**What needs to be done**
Filter the data below for the string "Candy" and copy each matching line.

**Data for processing**
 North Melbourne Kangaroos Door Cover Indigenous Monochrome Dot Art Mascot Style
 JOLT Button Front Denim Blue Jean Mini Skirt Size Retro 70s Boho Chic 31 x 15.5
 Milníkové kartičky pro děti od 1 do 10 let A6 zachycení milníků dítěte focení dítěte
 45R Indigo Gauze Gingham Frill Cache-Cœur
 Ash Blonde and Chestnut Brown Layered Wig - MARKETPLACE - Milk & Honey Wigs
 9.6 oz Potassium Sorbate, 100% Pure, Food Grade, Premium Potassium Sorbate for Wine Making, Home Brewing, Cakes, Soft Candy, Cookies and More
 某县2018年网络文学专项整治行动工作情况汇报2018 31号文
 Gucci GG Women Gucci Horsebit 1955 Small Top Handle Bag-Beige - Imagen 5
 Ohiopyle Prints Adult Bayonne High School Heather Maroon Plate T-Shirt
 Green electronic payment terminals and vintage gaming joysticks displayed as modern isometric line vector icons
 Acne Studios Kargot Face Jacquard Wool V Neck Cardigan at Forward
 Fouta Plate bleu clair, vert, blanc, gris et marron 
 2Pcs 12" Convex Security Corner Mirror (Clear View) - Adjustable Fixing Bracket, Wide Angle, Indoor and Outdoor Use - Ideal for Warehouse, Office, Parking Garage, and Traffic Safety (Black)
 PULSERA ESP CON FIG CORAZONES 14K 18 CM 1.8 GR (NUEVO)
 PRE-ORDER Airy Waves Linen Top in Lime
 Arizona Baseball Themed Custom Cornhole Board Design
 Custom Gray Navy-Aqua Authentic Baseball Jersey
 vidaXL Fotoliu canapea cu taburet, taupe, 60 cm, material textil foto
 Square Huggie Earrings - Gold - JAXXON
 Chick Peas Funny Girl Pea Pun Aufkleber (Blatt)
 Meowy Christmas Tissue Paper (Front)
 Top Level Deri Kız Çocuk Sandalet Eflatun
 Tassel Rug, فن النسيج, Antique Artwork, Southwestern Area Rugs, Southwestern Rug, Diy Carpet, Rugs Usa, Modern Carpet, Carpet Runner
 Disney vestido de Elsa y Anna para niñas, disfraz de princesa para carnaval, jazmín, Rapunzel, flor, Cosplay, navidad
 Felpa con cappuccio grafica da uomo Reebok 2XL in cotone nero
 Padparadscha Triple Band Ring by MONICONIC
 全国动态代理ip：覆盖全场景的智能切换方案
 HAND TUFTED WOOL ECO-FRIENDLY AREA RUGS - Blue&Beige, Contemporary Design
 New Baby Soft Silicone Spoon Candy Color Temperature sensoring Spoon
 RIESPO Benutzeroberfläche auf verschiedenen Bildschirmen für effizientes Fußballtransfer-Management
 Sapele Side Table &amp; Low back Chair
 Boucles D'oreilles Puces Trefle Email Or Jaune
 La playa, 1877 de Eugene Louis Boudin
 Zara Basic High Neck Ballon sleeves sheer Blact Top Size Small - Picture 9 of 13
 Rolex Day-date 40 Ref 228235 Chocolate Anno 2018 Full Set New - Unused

**Answer space**
 9.6 oz Potassium Sorbate, 100% Pure, Food Grade, Premium Potassium Sorbate for Wine Making, Home Brewing, Cakes, Soft Candy, Cookies and More
 New Baby Soft Silicone Spoon Candy Color Temperature sensoring Spoon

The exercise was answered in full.